Source: Simplilearn.com

 

A convolutional neural network is a feed-forward neural network that is generally used to analyze visual images by processing data with grid-like topology. It’s also known as a ConvNet.

 

CNNs use a special technique called Convolution, a mathematical operation that produces a numerical output that expresses how the shape of one is modified by the other. The role of the CNN is to reduce the images into a form that is easier to process, without losing features that are critical for obtaining a good prediction.

 

In a CNN, every image is represented in the form of an array of pixel values. For example, in a black-and-white image, each pixel of the image is represented by a number ranging from 0 to 255. Most images today use 24-bit color or higher. An RGB color image means the color in a pixel is a combination of Red, Green, and Blue, each of the colors ranging from 0 to 255.

 

Simplified illustrative example of encoding the pixels of an image to numerical values:

 

 

To detect images, the CNN will first work to identify edges and shapes using a filter (i.e., kernel), which is simply a 3×3 matrix that is initialized with preset values which will be multiplied by the numerical values of each pixel within the encoded image to obtain the convolved feature. Note: the size of the filter matrix can be adjusted in different models. As the image is passed through the network, it will be applied (multiplied) to more complex filters.

 

This approach abstracts the numerical values of each pixel image and heightens (via multiplication) the feature that the filter is looking for. Many filters exist within the network, with each maintaining different numerical values in their matrices to identify different elements within the image. In the example below, the filter (Kernel) is seeking “X” related features of an image as identified by the 1s in the filter matrix:

 

 

Grayscale image | Computer vision | CNN

 

 

The 3×3 filter moves across the image from left to right and top to bottom, and the product is summed to create a new array, or the convolved feature (feature map), which contributes to the input of the next layer in the network. This process continues until the convolution operation is complete.

 

 

After scanning through the original image, each feature produces a filtered image with high scores and low scores. The filters are the weights and biases. If there is a perfect match, there is a high score in that square.
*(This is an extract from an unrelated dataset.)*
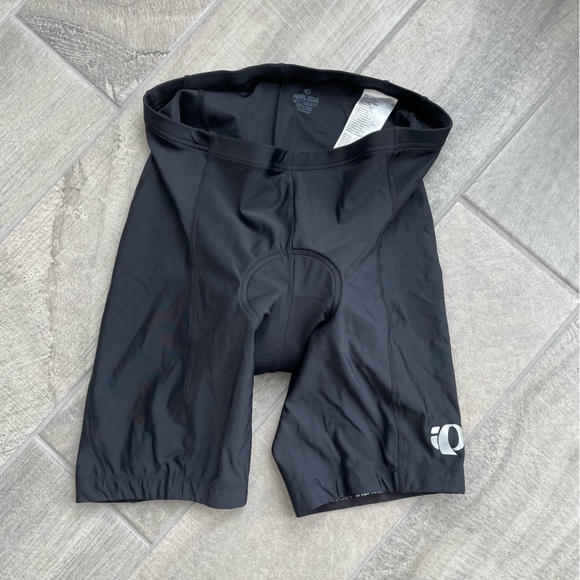 Pearl Izumi Other - Pearl Izumi Bike Shorts QUEST Padded Compression Cyclist Size XL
If there is a low match or no match, the score is low or zero.

 

 

More filters mean more features that the model can extract However, more features mean longer training time; one is advised to use the minimum number of filters to extract the features.

 

Hyperparameters can be used to adjust the model including:

  • Padding: Adjusting the original image with zeros to fit the feature, or dropping the part of the original image that does not fit and keeping the valid part.
 
  • Stride: Adjusting the number of pixels by which the filter shifts over the input matrix. When the stride is 1, the filters shift 1 pixel at a time.
 

An RGB image is similar but its pixels consist of three planes (Red (R), Green (G), Blue (B)):

 

RGB image | Computer vision | CNN

 

A convolution neural network has multiple hidden layers that help in extracting information from an image. The four important layers in CNN are:

  1. Convolution layer
  2. ReLU layer
  3. Pooling layer
  4. Fully connected layer
 

Convolution Layer

As illustrated earlier, this is the first step in the process of extracting valuable features from an image. A convolution layer has several filters that perform the convolution operation. Every image is considered as a matrix of pixel values. The first layer usually extracts basic features such as horizontal or diagonal edges.

 

ReLu Layer (Activation)

In order to keep the ouputs of the matrix calculations within a specified range, a rectified linear unit (ReLU) activation function is calculated. Once the feature maps are calculated, the next step is to move them to a ReLU layer. ReLU sets all the negative pixels in the convolved matrix to 0. It introduces non-linearity to the network, and the generated output is a rectified feature map. Below is the graph of a ReLU function:

 

 

One can see by applying the ReLU formula to remove non-zero numbers, more detail is added to the image:

 

Source: Simplilearn

 

As mentioned above, the image is processed with multiple convolutions (filters) and ReLU layers for locating more complex features such as corners or combinational edges. As the image moves deeper into the network, each ouput from one layer serves as the input to the next layer enabling the network to identify more complex features such as objects, faces, etc.

 

Pooling Layer

Pooling is a down-sampling operation that reduces the dimensionality of the feature map and takes the max value of the section within the array to generate a pooled 2×2 feature map. Pooling acts on all the neurons of the feature map.

 

 

The pooling layer uses various filters to identify different parts of the image like edges, corners, body, feathers, eyes, and beak. By reducing the dimensions, it decreases the computational power required to process the data. 

 

 

The convolution, ReLU and pooling actions are executed numerous times to extract all the features of an image before it is passed to the fully connected layer.

 

Fully Connected Layer

The fully connected layer connects every neuron in one layer to another layer. It begins the process of inputting the features of the image into the neural network for image classification.

 

 

Flattening is used to convert all the resultant 2-dimensional arrays (filters) from pooled feature maps into a single long continuous linear vector.

 

 

The flattened matrix is fed as input to the fully connected layer to classify the image.

 

 

 

The values of the activation map of the final convolution layer is inputted into the fully connected layer to classify the image. Through its own set of weights and biases, the classification layer outputs a set of confidence scores (values between 0 and 1) in the form of a one-dimensional matrix that specifies how likely the image is to belong to a “class.” For instance, in a ConvNet that detects cats, dogs, and horses, the output of the final layer will output the probability that the input image contains any of those animals. CNN training and model refinement is performed using a loss function calculation and backpropagation to refine the model weights.

 

Despite the power and resource complexity of CNNs, they provide in-depth results. At the root of it all, it is just recognizing patterns and details that are so minute and inconspicuous that it goes unnoticed to the human eye. But when it comes to understanding the contents of an image it fails.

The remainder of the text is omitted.